Zabbix has straight forward instructions for getting things up and running. Traditionally you’d do this on a fresh server with nothing on it. However, I’m running a Virtualmin environment because I want to incorporate other services outside of Zabbix in the future. The problem is Apache in Virtualmin serves files typically from /home/zabbix/public_html, but Zabbix doesn’t live there. So, the document root in the Apache config needed to be changed to /usr/share/zabbix/ in order to serve the right files.

As an extra bonus, I got sick of adding /zabbix/ to the end of my URL every time to get to Zabbix. So I included an internal proxy re-direct to make apache automatically serve the link to zabbix.militech.toc/zabbix/ but keep the URL zabbix.militech.toc/ Oh the minor details…

Last item to setup is the database, which again Virtualmin makes it easy. By going into the initial virtual server setup and checking off the MariaDB feature, it auto generates a new DB for me with login.

After following the instructions from the install, applying the DB schema and hooking up the config DB credentials, tables pop into existence and the DB starts to flesh out.

With fingers, toes and eyes crossed, hoping that I did everything right, going to https://zabbix.militech.toc/ it should show me a zabbix login page. Drum Roll…..

HAZA! I totally pulled that off in one go! Definitly didn’t take me an hour to get working! Now typically I just dive right in start pulling random levers. This time around, I decided to do something unthinkable, I decided to plan out the deployment.

I know, but trust me, if you’ve seen these confusing ass templates you’d do the same thing. Let me show you!

Templates: the Copy + Paste of Zabbix

If used right, templates can be a massive time saver. I say used right because they can also make a huge mess by collecting and alerting you about irrelevant things. But I’m getting ahead of myself, let’s focus on getting them setup. How about a template for the stack itself, the physical servers running this site? Luckily Zabbix comes loaded with pre-baked templates, Proxmox being one of them!

The Proxmox template integrates via HTTP by calling various APIs and parsing JSON responses. There is a little bit of setup here, creating an API User and token in Proxmox to allow Zabbix to get the data.

So now that Zabbix has a way to securely get the data, there is one useful thing I should mention about templates. Did you know you can nest them? What I mean is instead of modifying the vanilla Proxmox template, you can create a custom template and then link it. This allows you to make lots of lots of mistakes, regret going down the path you did, delete your template and just make a new one and link it again.

Everything is inherited from the linked template

Moreover, you can also mix templates! Like if you find one that specializes in ICMP and another that scrapes network traffic on Cisco devices, link them both into one template. Just don’t get too carried away… Like I mentioned before, mixing too many together can get messy fast. Ok we’ve got our Custom Proxmox template, lets go into the next segment, Items, Triggers and Discovery Rules!

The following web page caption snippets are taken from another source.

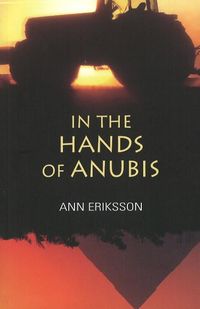 Produktbild: Eriksson, A: In the Hands of Anubis
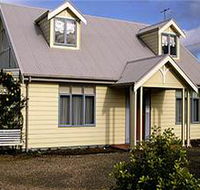 Middleton Cottage - Northern Rivers Accommodation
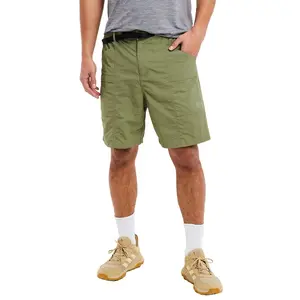 Comparateur de prix : Protest Prtcarbost - Short randonnée homme Artichoke green XS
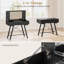 Dressing Table with Mirror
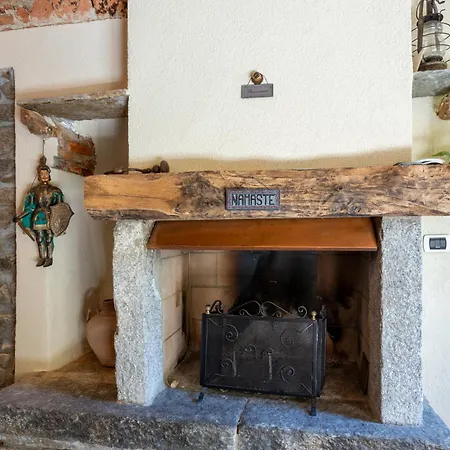 Il Cortile Di Mamma Mia Pisano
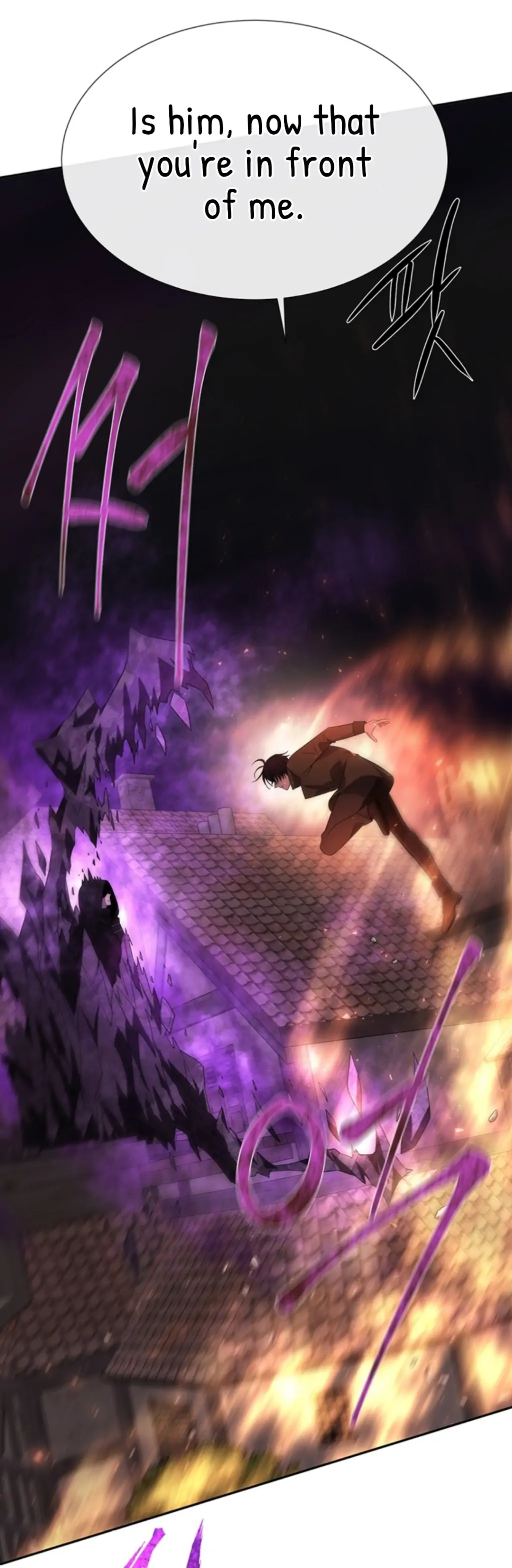 Charlotte Has Five Disciples chapter 153 page 6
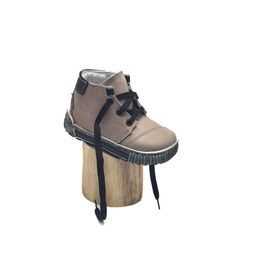 Doprodej PEGRES E 1406 dětská obuv písková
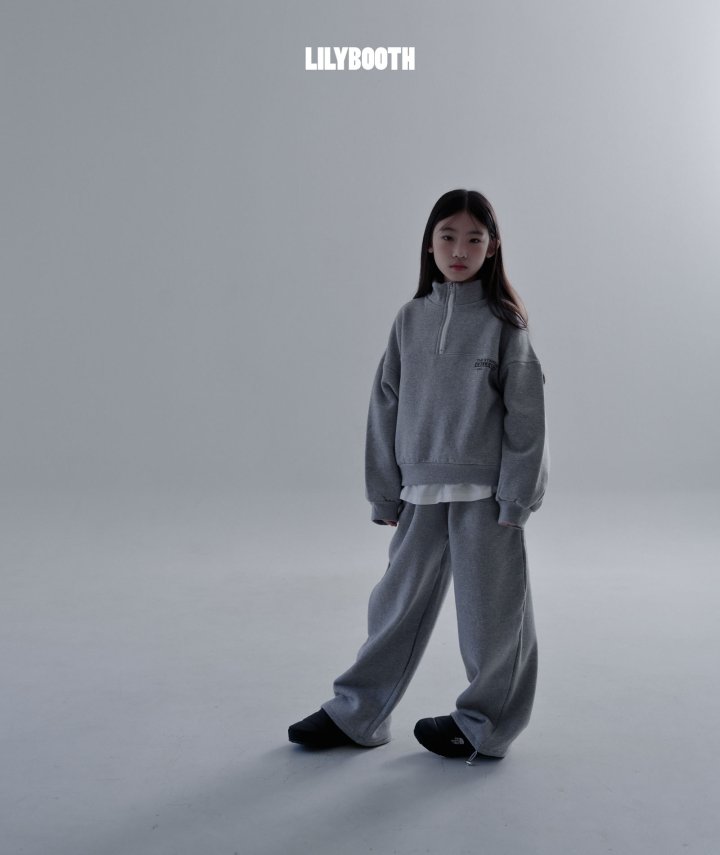 Lilybooth - Korean Children Fashion - #kidsstore - Two Tuck Two Way Pants - 4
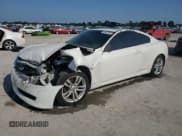 ✅ 2009 Infiniti G37 x • VIN: JNKCV64F39M652454 • Лот: 69007925. Опубликован ранее на Copart с пробегом 184 879 миль. Бесплатный доступ к архиву аукционных продаж из США и подробный отчёт об истории автомобиля на DreamBid. Изображение 1.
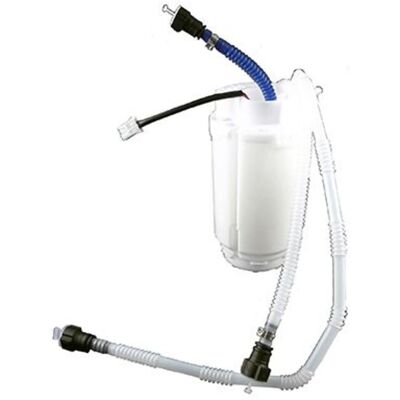 MEAT & DORIA VW Touareg - Brandstofpomp & Canister - 4,0 bar - Origineel MEAT & DORIA VW Touareg - Brandstofpomp & Canister - 4,0 bar - Origineel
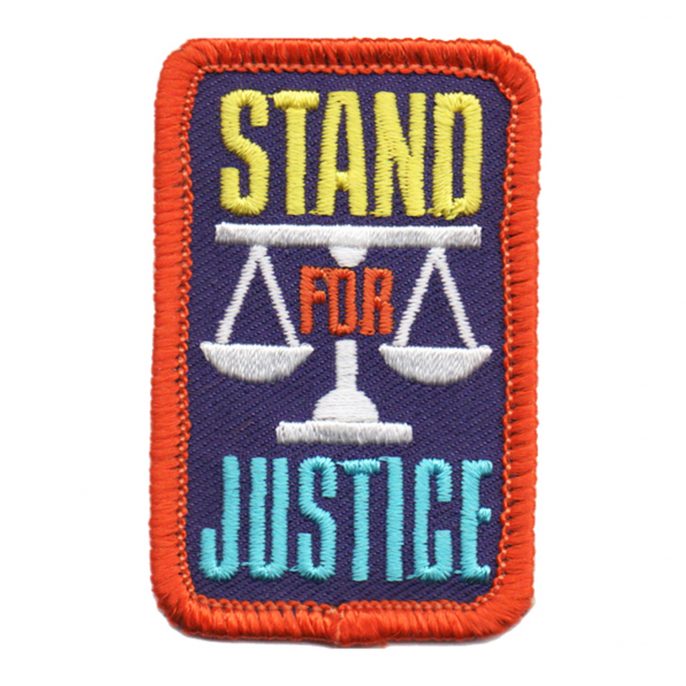 Stand For Justice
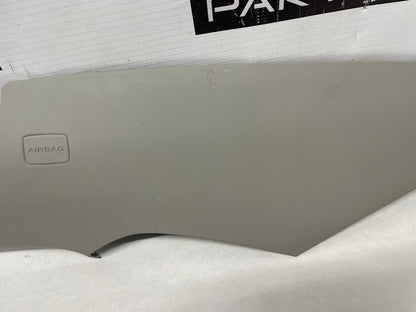 2014 Chevy SS Sedan RH & LH Interior Quarter Panel C Pillar Trim Molding OEM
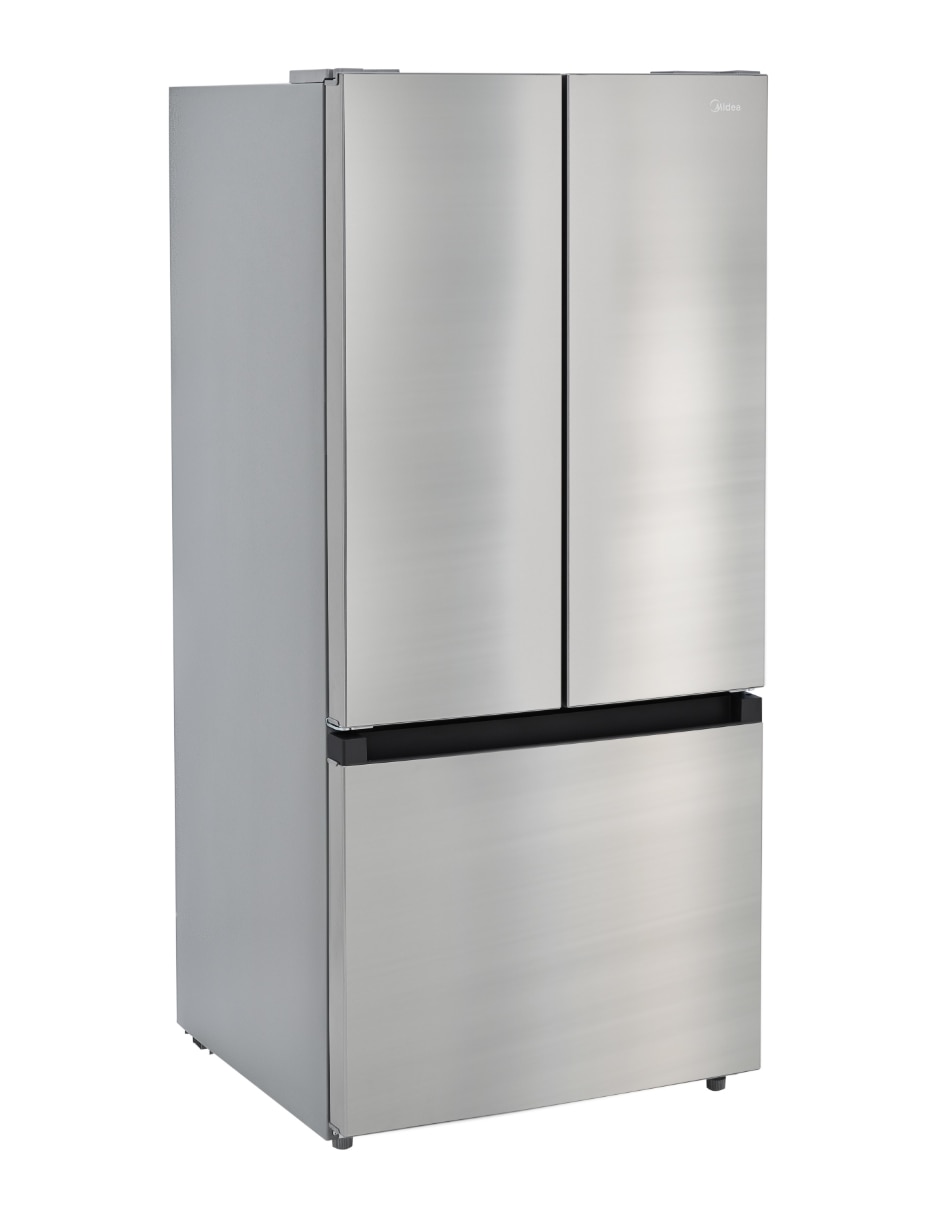 Refrigerador french door 19 pies cúbicos inverter y no frost MDRF700FGM46 2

Template Anatomy 101: Items, Triggers and Discovery Rules

Lets go over them! Each template will come with a slew of items, triggers and discovery rules. Items are how Zabbix gathers metrics on the target. Metrics like CPU usage, Memory Usage, Disk space. How often to get that info and how long we need to hang onto that info is pre-defined but you can change it.

For my Proxmox servers, because its HTTP calling an API, the items listed here are

is the service up?
is the cluster OK?
GIVE ME MOAR CLUSTER DATA

Notice on the API service item it has a trigger tied to it! Triggers are the alarm system of Zabbix. They go into full panic mode when an item gives them a value they don’t like. The trigger for API status is waiting for the API status item to give it something that is not an HTTP 200.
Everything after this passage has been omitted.